It’s not saying FPSes aren’t ‘press the button now!’ - it’s just saying rhythm games have a much narrower definition of ‘now’.

In an FPS, you have a few seconds to react to a target. In a rhythm game, you don’t.

Tell you what - point me to an FPS you can win by unloading all your ammo into your own foot, then not reacting to any enemies that you encounter (be that by shooting them, running away, or hiding, all of which are just different applications of ‘pressing the right button at the right time’), and I will concede that FPSes are fundamentally different than rhythm games.

Wow, I’m stunned at how you can actually believe something so incorrect. Your wrongness boggles the mind.

There is no such thing as a “correct” button to hit in sports or FPS games. In all cases, there are multiple OPTIONS, and most of the time those options are further “sandboxed” by being mapped to analog controls.

I’m not sure that you’ll ever get it.

Yes, there is - there are two or three possible options (in good, recent games), but that’s a ‘narrower window’, not a fundamental difference.

It’s still ‘here’s a stimulus, react’. You can’t win by choosing to run at an enemy without attacking, or stand there doing nothing, or aiming in a different direction and unloading all of your ammo. Or choosing to walk off a platform over a bottomless pit instead of jumping to the next. Here’s a stimulus, react. That you have 5 seconds, not one, and can choose to hit more than one button doesn’t change that.

There is a right reaction, and a wrong reaction, and a window of opportunity to react. That is the fundamental trait of all twitchers be they rhythm, platform or FPS.

Your condescension does not makes you correct, it just makes you annoying to debate with.

Seconded.

Why are people who have not played this game telling people who have played it and had fun that (a) it’s not really a game and (b) it’s not any fun?

Is doing so enjoyable in some fashion? 'cause I gotta tell you it’s not much fun to be on the receiving end.

Would you really go that far? Wow, Ellis! I’m impressed with your commitment to the issue.

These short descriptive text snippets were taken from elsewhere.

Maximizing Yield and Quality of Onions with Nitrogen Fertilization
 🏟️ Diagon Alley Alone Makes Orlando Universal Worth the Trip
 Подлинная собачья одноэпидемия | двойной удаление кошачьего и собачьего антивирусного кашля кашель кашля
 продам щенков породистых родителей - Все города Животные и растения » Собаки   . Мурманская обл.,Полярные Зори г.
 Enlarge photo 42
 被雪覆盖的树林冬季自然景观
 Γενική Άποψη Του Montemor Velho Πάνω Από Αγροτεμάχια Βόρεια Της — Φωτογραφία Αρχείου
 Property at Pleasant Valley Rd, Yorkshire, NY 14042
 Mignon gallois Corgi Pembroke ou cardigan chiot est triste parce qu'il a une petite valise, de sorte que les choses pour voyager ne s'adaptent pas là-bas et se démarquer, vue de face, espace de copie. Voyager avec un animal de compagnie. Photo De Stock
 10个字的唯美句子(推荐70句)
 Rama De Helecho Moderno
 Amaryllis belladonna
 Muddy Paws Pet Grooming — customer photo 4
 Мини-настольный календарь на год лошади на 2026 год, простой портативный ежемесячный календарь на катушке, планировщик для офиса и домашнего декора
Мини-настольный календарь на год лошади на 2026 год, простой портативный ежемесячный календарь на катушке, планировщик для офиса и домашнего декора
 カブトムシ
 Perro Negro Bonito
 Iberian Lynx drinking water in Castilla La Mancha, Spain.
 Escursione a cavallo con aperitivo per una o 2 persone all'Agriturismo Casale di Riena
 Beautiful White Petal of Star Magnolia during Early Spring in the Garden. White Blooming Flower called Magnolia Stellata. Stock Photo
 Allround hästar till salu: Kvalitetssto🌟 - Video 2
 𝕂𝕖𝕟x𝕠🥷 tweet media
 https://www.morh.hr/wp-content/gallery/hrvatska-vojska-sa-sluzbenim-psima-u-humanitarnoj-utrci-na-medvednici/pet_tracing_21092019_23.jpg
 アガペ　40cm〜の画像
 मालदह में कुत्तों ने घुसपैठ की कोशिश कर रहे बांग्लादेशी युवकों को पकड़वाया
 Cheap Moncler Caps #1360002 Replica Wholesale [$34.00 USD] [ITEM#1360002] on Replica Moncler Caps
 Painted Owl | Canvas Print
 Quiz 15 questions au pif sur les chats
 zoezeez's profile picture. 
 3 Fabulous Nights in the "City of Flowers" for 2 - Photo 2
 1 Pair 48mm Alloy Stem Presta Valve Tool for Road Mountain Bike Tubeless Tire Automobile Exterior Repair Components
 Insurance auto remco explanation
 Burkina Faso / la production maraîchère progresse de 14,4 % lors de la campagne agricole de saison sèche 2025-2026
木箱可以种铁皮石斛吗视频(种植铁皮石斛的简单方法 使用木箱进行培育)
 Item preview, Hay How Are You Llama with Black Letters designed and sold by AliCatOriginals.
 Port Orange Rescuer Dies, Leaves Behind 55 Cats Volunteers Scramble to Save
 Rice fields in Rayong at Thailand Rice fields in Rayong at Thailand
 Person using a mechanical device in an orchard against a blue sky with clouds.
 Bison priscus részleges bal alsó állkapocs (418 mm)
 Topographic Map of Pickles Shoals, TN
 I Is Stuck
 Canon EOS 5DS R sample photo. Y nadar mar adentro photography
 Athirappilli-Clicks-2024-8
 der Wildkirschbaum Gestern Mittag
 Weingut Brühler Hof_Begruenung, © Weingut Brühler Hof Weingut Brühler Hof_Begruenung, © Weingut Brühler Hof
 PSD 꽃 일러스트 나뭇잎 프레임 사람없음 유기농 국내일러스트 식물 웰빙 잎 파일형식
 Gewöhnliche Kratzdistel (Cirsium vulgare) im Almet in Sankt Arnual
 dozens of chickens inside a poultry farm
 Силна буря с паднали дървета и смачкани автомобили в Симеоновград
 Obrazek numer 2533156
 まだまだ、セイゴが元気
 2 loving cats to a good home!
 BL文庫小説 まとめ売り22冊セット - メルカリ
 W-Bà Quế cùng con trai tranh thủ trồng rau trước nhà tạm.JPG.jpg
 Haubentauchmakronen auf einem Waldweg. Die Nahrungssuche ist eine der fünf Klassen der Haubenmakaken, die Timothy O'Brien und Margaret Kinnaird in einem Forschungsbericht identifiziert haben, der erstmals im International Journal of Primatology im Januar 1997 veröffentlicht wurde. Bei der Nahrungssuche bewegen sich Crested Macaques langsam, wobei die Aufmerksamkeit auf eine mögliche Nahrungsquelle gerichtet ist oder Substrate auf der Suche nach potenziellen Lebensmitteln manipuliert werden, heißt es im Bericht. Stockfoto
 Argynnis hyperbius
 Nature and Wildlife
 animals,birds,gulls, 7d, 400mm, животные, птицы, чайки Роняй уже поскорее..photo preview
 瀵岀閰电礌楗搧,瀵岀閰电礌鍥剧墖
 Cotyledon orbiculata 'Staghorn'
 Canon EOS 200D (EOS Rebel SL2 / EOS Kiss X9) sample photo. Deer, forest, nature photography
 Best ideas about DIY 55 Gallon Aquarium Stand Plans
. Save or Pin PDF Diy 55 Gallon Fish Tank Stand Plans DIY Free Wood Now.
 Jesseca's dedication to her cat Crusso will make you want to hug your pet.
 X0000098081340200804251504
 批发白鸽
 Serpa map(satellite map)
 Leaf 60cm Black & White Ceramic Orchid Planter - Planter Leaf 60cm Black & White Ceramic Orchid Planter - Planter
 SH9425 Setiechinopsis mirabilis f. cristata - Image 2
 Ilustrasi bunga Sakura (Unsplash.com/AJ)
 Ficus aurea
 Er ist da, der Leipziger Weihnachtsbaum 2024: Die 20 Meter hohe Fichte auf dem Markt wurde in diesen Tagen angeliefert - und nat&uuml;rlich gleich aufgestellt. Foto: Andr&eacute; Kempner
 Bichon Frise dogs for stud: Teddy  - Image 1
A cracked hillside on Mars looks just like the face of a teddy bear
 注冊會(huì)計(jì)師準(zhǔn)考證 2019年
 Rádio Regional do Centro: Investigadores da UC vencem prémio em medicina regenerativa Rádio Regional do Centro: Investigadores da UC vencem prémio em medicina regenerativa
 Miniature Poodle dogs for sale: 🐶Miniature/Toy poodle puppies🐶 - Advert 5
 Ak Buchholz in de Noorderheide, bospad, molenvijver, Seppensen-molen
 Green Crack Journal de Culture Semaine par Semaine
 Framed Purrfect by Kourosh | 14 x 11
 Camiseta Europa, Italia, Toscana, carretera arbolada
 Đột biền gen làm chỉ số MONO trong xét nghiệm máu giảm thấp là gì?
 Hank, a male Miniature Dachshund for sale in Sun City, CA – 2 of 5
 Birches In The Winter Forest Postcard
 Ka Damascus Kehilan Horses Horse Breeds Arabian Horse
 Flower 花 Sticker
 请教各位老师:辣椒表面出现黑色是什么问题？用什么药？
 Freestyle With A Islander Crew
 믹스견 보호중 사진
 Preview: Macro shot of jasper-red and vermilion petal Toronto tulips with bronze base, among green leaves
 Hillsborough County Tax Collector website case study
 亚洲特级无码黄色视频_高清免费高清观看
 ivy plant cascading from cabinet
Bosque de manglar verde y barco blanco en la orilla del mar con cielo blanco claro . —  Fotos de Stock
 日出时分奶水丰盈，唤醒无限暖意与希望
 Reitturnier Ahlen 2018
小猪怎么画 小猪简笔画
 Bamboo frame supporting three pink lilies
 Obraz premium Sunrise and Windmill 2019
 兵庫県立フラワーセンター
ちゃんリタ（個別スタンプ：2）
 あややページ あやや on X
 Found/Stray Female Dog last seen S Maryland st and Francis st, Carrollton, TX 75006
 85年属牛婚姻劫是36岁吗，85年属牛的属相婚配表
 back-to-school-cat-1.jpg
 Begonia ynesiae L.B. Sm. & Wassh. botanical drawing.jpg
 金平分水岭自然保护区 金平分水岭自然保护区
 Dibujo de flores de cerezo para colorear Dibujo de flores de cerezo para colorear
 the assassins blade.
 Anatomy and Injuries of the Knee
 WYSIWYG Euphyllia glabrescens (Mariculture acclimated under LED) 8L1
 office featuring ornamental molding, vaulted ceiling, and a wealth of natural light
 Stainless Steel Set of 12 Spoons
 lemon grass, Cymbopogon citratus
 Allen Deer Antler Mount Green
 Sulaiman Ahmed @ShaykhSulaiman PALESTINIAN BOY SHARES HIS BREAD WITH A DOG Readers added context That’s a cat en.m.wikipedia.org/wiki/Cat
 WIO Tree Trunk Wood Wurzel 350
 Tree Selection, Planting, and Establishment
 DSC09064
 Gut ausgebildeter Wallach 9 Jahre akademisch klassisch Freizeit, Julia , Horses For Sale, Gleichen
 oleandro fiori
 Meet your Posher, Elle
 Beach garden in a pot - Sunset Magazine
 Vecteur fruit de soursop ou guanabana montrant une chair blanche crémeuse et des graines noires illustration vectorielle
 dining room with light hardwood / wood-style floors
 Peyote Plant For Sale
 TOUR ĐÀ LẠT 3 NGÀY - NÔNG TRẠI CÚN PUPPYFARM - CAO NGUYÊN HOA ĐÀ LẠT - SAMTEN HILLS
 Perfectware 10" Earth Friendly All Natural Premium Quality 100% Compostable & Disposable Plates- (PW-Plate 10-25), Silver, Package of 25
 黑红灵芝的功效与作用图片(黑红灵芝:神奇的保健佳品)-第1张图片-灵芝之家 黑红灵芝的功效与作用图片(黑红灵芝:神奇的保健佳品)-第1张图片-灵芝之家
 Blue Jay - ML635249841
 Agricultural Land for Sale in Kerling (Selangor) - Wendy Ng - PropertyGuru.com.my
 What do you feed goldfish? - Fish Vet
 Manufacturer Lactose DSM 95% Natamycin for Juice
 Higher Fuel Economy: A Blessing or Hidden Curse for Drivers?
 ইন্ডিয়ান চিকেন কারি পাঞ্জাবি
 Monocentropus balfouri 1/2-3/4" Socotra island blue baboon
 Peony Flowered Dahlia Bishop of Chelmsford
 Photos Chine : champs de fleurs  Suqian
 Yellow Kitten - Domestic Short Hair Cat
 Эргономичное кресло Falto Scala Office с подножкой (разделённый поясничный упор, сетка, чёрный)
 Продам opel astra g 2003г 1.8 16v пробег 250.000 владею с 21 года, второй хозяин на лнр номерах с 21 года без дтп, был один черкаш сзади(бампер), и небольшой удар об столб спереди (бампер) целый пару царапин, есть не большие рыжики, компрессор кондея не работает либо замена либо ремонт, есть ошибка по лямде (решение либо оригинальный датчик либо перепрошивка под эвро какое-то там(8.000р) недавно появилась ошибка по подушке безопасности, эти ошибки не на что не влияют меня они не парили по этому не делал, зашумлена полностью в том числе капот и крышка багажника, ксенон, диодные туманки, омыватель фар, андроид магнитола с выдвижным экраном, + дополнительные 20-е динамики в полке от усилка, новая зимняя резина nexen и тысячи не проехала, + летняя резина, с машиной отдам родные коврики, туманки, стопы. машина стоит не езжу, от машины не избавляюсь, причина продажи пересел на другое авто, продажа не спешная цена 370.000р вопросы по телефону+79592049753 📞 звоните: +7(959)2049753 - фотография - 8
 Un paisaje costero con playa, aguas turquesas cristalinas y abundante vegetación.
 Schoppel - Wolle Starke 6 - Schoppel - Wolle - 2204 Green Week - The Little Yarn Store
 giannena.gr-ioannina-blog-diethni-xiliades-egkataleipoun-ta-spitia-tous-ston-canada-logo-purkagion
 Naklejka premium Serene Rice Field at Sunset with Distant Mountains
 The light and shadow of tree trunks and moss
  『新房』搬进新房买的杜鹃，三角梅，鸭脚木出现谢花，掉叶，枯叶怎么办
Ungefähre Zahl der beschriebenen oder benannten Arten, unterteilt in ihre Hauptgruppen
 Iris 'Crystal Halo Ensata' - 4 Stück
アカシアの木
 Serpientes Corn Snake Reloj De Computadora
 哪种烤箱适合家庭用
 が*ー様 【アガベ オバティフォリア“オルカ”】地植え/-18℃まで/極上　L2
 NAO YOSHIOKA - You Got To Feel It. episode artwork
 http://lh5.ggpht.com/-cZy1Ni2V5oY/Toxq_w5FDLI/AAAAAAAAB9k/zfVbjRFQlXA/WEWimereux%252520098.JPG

Of course all video games are Pong, in some variation. It would have been just as foolish for someone to criticize Pong for not really being like playing table tennis or tennis as it is to criticize Guitar Hero for not being really like playing a guitar.

Sports games are no different. The only time a video game gets beyond the “golden sequence” is when you are playing a multiplayer against human opponents.

So I’m left wondering - given just how very far you will go, how far would you go to make an actual point?

Do they have bonus levels where you get to trash a hotel room?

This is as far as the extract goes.